Records from a dataset
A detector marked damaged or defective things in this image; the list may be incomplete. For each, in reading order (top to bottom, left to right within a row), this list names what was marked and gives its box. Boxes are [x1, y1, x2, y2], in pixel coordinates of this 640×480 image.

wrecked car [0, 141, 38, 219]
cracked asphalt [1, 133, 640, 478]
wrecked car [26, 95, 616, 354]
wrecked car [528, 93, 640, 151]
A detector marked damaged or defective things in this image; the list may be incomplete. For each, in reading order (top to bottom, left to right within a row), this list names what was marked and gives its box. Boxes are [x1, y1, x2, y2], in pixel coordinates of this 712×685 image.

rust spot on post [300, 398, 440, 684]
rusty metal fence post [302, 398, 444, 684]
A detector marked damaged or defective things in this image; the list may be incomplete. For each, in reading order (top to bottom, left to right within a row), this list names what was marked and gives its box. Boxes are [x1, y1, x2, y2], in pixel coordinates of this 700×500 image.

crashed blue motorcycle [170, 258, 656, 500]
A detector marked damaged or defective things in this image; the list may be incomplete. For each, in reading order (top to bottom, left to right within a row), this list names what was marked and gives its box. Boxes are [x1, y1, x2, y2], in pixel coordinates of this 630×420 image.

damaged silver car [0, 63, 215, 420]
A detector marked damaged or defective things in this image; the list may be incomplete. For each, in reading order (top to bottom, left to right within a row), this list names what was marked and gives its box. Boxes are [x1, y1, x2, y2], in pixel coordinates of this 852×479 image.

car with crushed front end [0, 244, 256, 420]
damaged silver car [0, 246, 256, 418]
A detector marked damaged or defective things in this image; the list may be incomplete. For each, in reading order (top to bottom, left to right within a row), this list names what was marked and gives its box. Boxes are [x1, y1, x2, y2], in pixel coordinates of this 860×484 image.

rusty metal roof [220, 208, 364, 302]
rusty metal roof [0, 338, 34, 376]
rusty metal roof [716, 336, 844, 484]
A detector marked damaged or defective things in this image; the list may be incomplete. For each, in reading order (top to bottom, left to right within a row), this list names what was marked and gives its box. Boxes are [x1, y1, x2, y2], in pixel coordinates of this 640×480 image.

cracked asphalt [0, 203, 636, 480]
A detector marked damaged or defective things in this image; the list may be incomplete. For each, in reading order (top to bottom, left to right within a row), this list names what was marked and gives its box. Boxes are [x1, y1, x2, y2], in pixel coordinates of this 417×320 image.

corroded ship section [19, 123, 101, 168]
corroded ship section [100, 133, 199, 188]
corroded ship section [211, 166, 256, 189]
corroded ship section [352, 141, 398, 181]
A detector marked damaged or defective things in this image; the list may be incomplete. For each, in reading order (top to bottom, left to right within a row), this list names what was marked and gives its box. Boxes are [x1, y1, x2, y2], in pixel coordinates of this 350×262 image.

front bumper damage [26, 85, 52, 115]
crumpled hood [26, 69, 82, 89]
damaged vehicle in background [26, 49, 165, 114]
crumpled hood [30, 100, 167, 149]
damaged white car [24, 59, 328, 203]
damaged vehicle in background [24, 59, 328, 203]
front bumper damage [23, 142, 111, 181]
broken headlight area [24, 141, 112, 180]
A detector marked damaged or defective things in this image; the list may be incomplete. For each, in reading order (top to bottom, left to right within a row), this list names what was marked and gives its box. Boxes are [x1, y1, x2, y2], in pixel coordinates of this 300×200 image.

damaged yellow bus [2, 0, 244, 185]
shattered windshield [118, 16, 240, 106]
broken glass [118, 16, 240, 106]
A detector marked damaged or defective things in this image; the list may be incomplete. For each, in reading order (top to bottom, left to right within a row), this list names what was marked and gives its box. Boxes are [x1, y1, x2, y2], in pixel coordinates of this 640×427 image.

## Problem to solve
Find the line with "this 350×262 image." in the data above. Restate it and all later lines word for word, ending with the last line.

## Problem solution
A detector marked damaged or defective things in this image; the list may be incomplete. For each, in reading order (top to bottom, left to right within a row), this list names what was marked and gives its box. Boxes are [x1, y1, x2, y2], in pixel coordinates of this 350×262 image.

front bumper damage [26, 85, 52, 115]
crumpled hood [26, 69, 82, 89]
damaged vehicle in background [26, 49, 165, 114]
crumpled hood [30, 100, 167, 149]
damaged white car [24, 59, 328, 203]
damaged vehicle in background [24, 59, 328, 203]
front bumper damage [23, 142, 111, 181]
broken headlight area [24, 141, 112, 180]
A detector marked damaged or defective things in this image; the list may be incomplete. For each, in reading order (top to bottom, left to right within a row), this list names what was marked and gives its box. Boxes are [x1, y1, x2, y2], in pixel coordinates of this 300×200 image.

damaged yellow bus [2, 0, 244, 185]
shattered windshield [118, 16, 240, 106]
broken glass [118, 16, 240, 106]
A detector marked damaged or defective things in this image; the list may be incomplete. For each, in reading order (top to bottom, left to right within a row), this list names what was marked and gives its box. Boxes are [x1, y1, x2, y2], in pixel coordinates of this 640×427 image.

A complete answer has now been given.